**Input**.
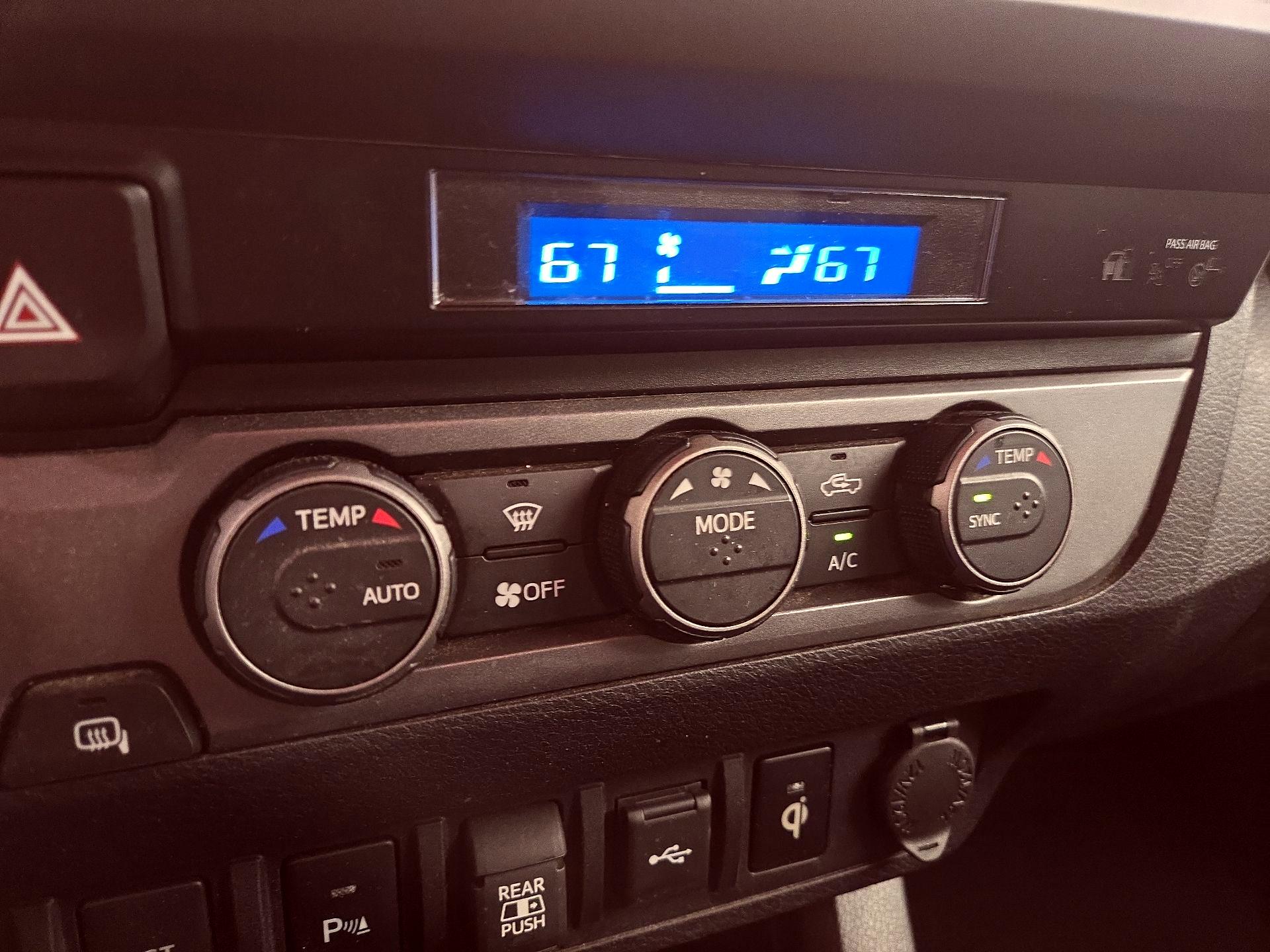 Thumbnail: 2022 Toyota Tacoma - 16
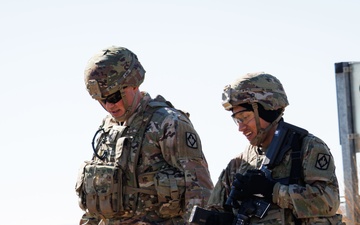 1-14 Soldiers Conduct M4 Qualification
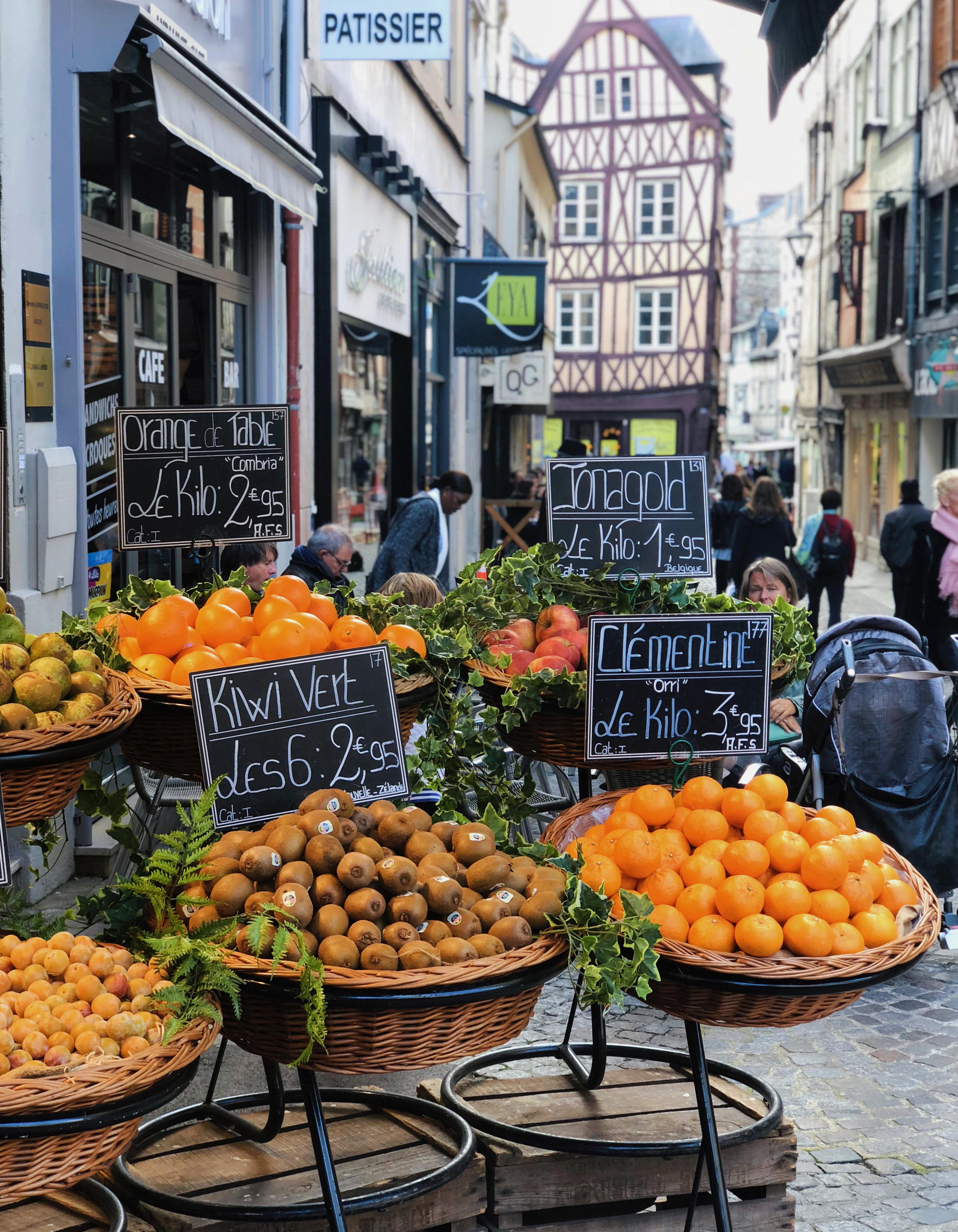 新周快乐 🍊  📍𝟮𝟬𝟭𝟴 法国鲁昂 ​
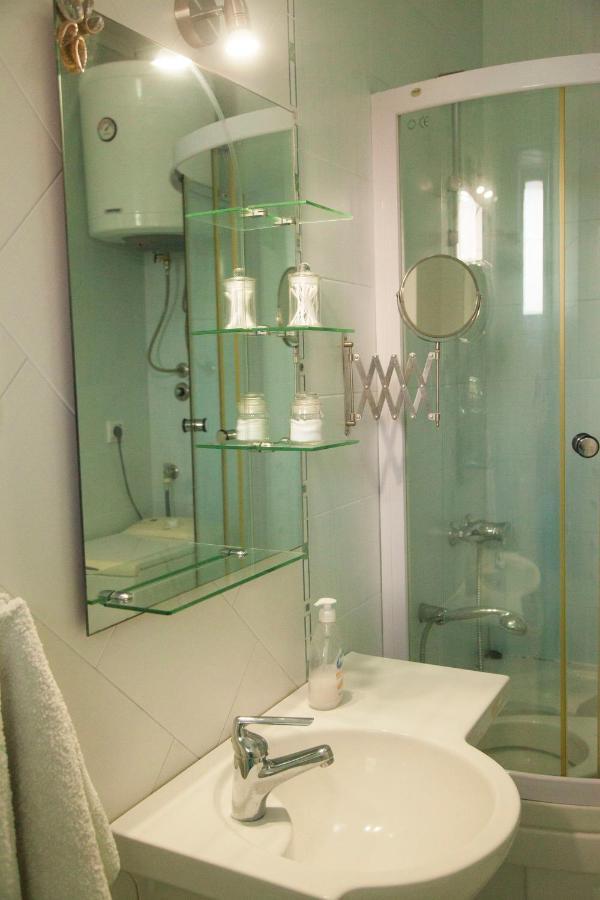 Mirta Apartments Family Farm Будва Екстер'єр фото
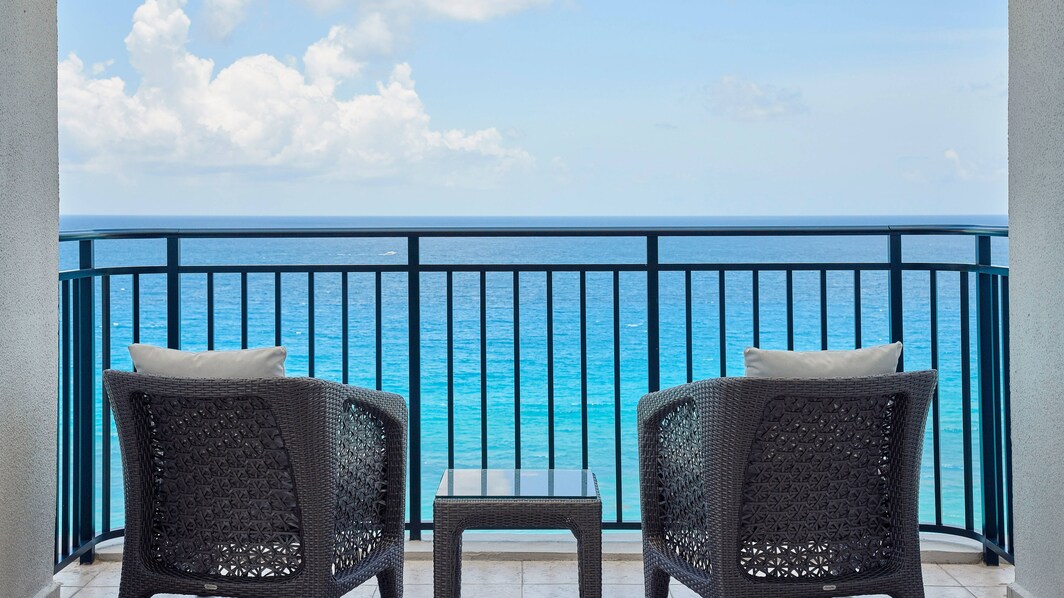 Люкс с видом на океан ‒ балкон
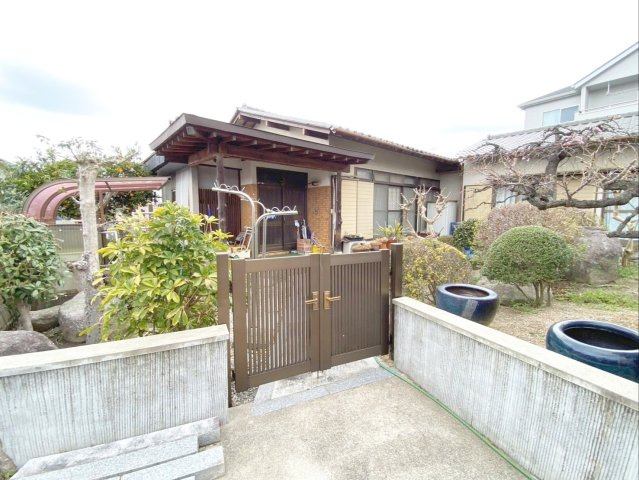 土地面積454.26ｍ2（約137.41坪）！現況は古家があります！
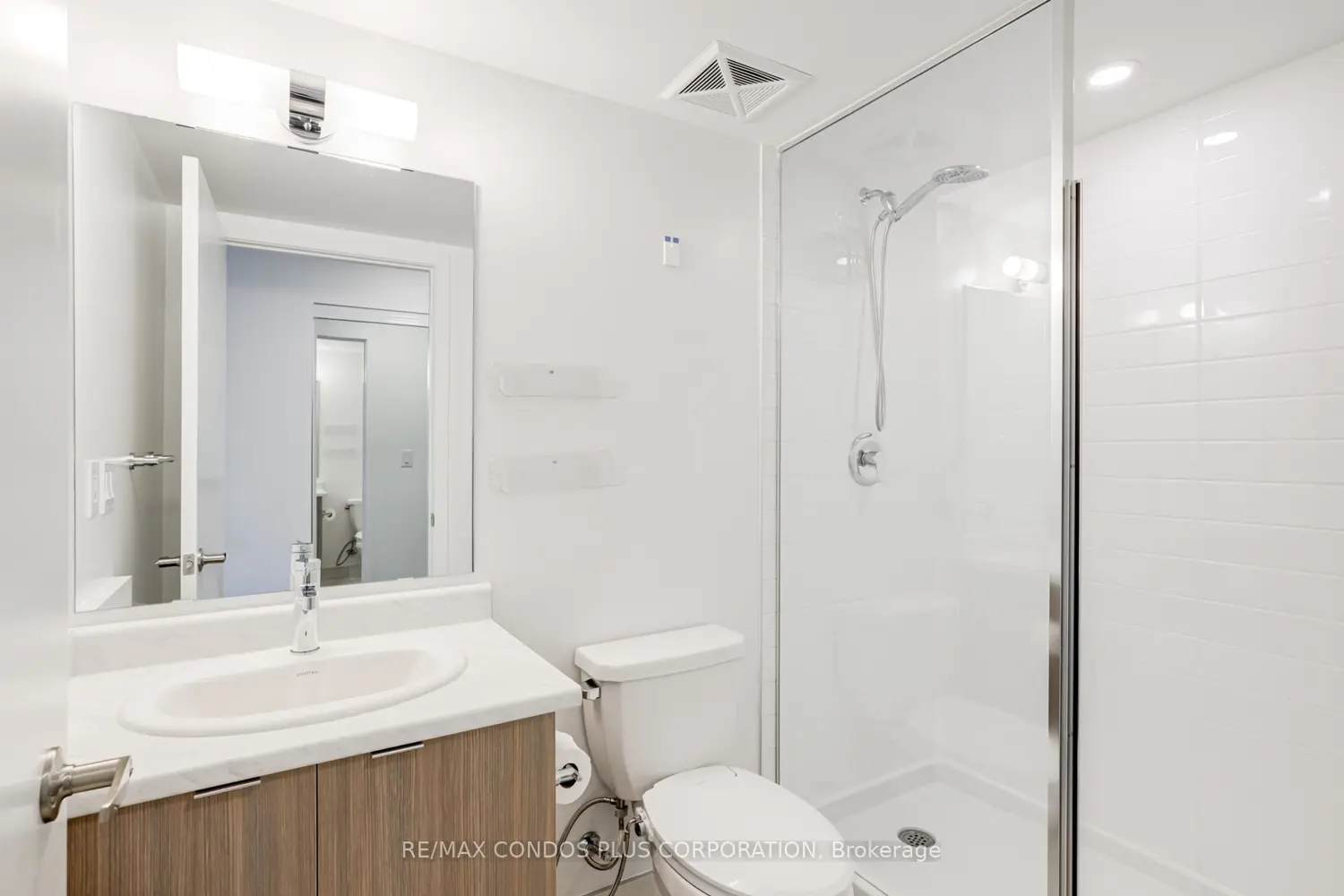 Additional image 16 of 100 Canon Jackson Drive 201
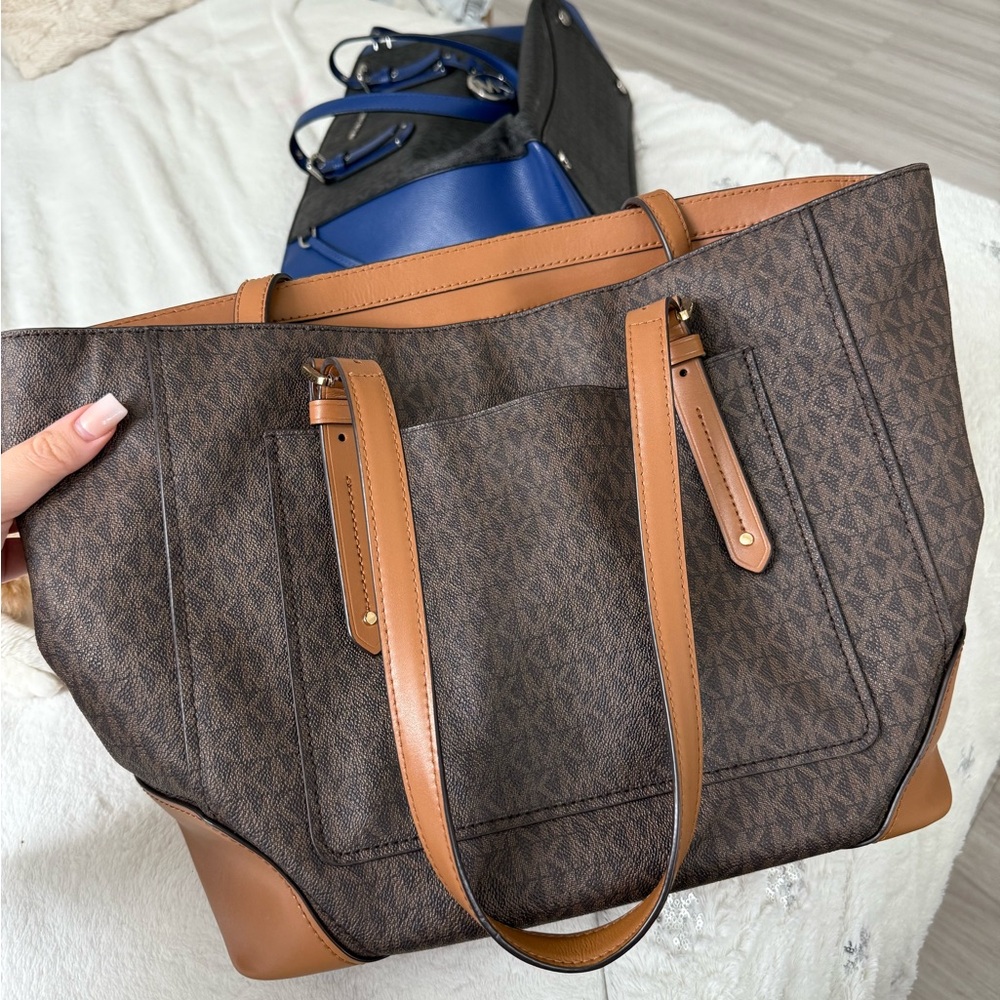 Michael Kors Brown Tote Bag - Picture 2 of 3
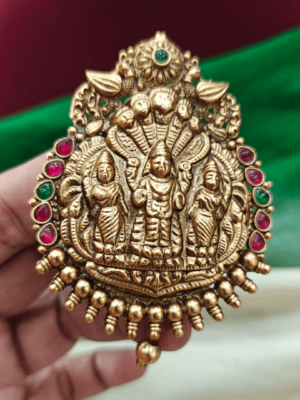 Adhi shesu narayana hair accessory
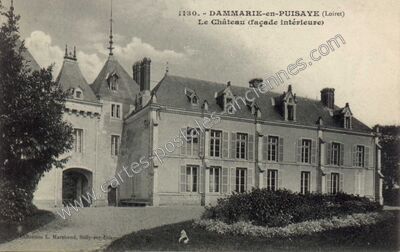 Carte postale ancienne Le Château (façade intérieure) — Dammarie-en-Puisaye (Loiret)
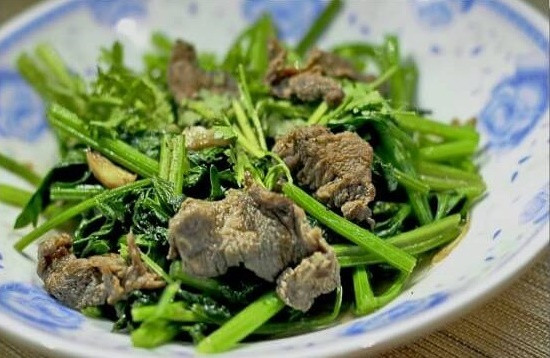 Bởi trong cần tây có chứa một lượng lớn nitrit, nếu để lâu, hàm lượng nitrit sẽ tiếp tục tăng cao sẽ chuyển hóa thành nitrosamine, chất này có hại cho cơ thể con người, khi vào cơ thể nó có khả năng gây ung thư mạnh. Hãy bảo vệ sức khoẻ của mình. Ảnh minh họa.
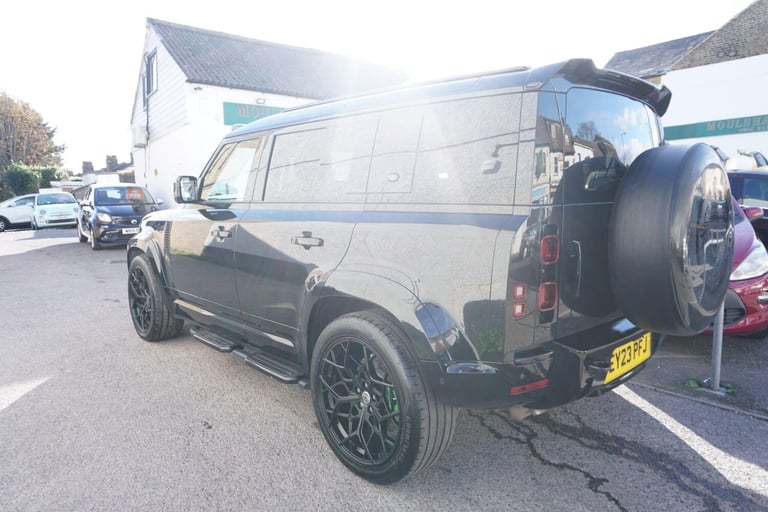 2023 Land Rover Defender 3.0 D300 X-Dynamic HSE 110 5dr Auto [7 Seat] ESTATE DIESEL Automatic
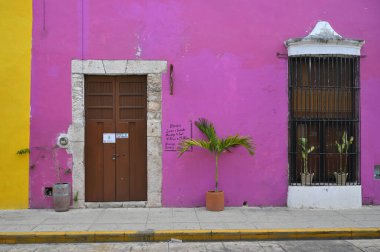 Merida, Meksika - 20 Temmuz 2023: Merida şehrinin eski şehri Yucatan 'ın caddesinde renkli koloni tarzı binalar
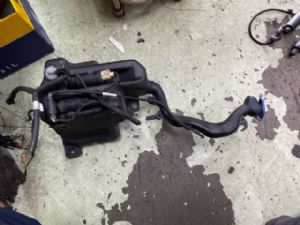 Mercedes-Benz CLA W117 2015 - 2019 Front Washer Bottle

**Activity**. The required output is the line containing "Carte postale ancienne" plus every line after it to the end of the data, copied exactly and with no pictures.

**Exercise solution**.
 Carte postale ancienne Le Château (façade intérieure) — Dammarie-en-Puisaye (Loiret)
 Bởi trong cần tây có chứa một lượng lớn nitrit, nếu để lâu, hàm lượng nitrit sẽ tiếp tục tăng cao sẽ chuyển hóa thành nitrosamine, chất này có hại cho cơ thể con người, khi vào cơ thể nó có khả năng gây ung thư mạnh. Hãy bảo vệ sức khoẻ của mình. Ảnh minh họa.
 2023 Land Rover Defender 3.0 D300 X-Dynamic HSE 110 5dr Auto [7 Seat] ESTATE DIESEL Automatic
 Merida, Meksika - 20 Temmuz 2023: Merida şehrinin eski şehri Yucatan 'ın caddesinde renkli koloni tarzı binalar
 Mercedes-Benz CLA W117 2015 - 2019 Front Washer Bottle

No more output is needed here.